Many of these people were already sold on that notion: they began lining up to hear Gates more than an hour before he took the stage. But others aren’t convinced, and are turning away from computer science careers. In 2000, 24,000 students declared computer-science majors. By 2002, that number fell to 23,033, according to the Computing Research Association, a group of academics and other researchers.

The number has fallen at Cornell also, said W. Kent Fuchs, the Joseph Silbert Dean of Engineering.

Fuchs, who met Gates with President Jeffrey Lehman and others before the speech, said Gates came across as “a thoughtful and articulate spokesman for computer ­science and engineering.”

“We shared with him innovative changes that are taking place at Cornell in new majors for undergraduates that we believe will attract new students to the discipline,” Fuchs said.

One of those new majors is known as Information Science Systems Technology, which will be available to students in the College of Engineering beginning Fall 2004. It is aimed at students who are interested in applications of information technology, for example, learning how to harness huge data sets to analyze financial markets or the way pharmaceuticals interact with the human genome.

The cross-pollination between different disciplines in both research and education is something that Gates encountered particularly at Cornell. His three-day tour also took him to Harvard University, the Massachusetts Institute of Technology, Carnegie Mellon University, and the University of Illinois.

“With my dialogue with the faculty this afternoon, the emphasis on these multi-disciplinary approaches and the excitement around that was very impressive to me, because I think that’s going to be critical and allow for all the sciences to benefit from these tools,” Gates said.
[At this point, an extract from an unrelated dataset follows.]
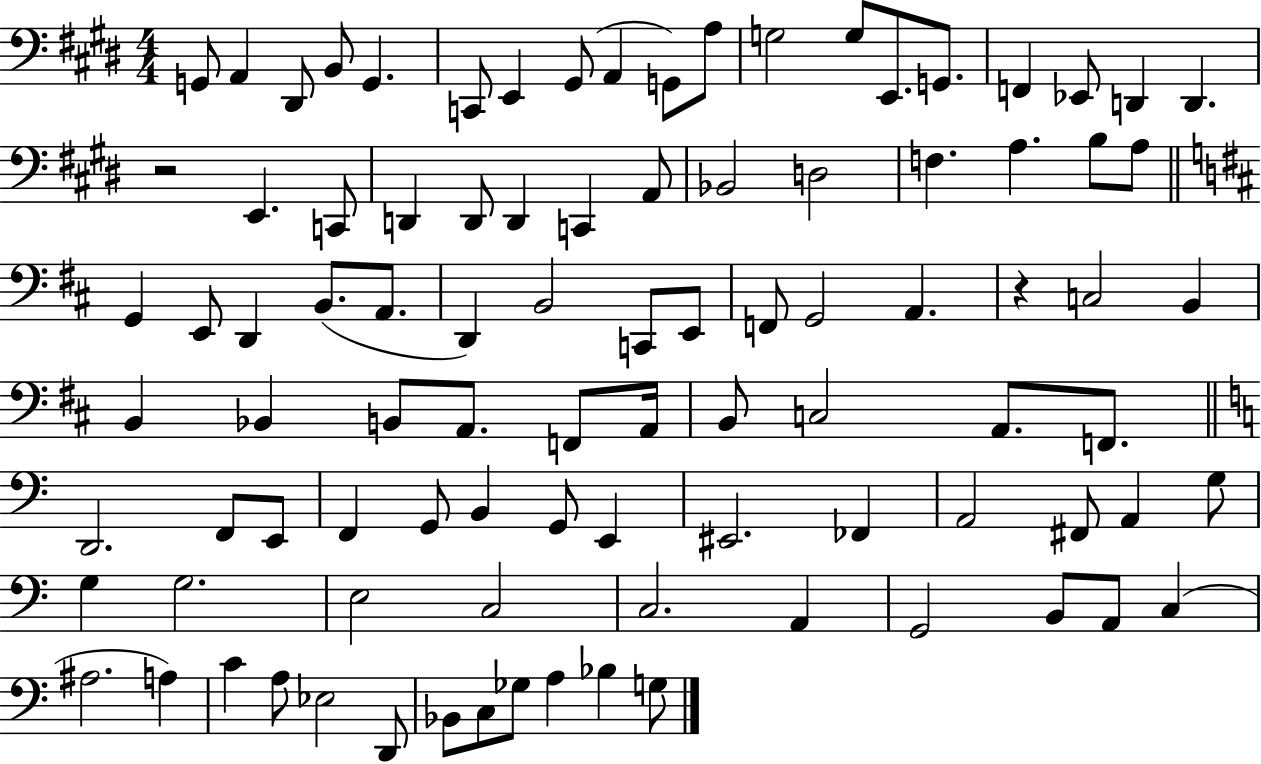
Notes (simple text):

He downplayed fears that the students who would take these jobs will find themselves displaced by foreign workers. “I think for the U.S., I’d label it as more of an opportunity than anything else. We need to strive to keep our edge, which is by doing research,” he said.

Gates has long been familiar with Cornell. Mike Nash ’85 CS is in charge of Microsoft’s security efforts. Steve Sinofsky ’87 runs the company’s Office software project.

It was Sinofsky, in fact, who gets credit for focusing Microsoft on the Internet in the first place. On a visit to Ithaca in the mid-1990s, Sinofsky’s flight home was delayed. He decided to spend some time wandering campus and found students sending e-mail and checking course schedules online. The e-mail Sinofsky sent back to Microsoft headquarters: “Cornell is WIRED.” Gates credits Sinofsky’s account for causing him to finally take the Internet seriously.

Now he’s exhorting those who would be his future acolytes with the message that there’s still some world-changing left to be done and software is the place to do it. “Computer science, I’m saying very explicitly, is the most fun and interesting field,” he said.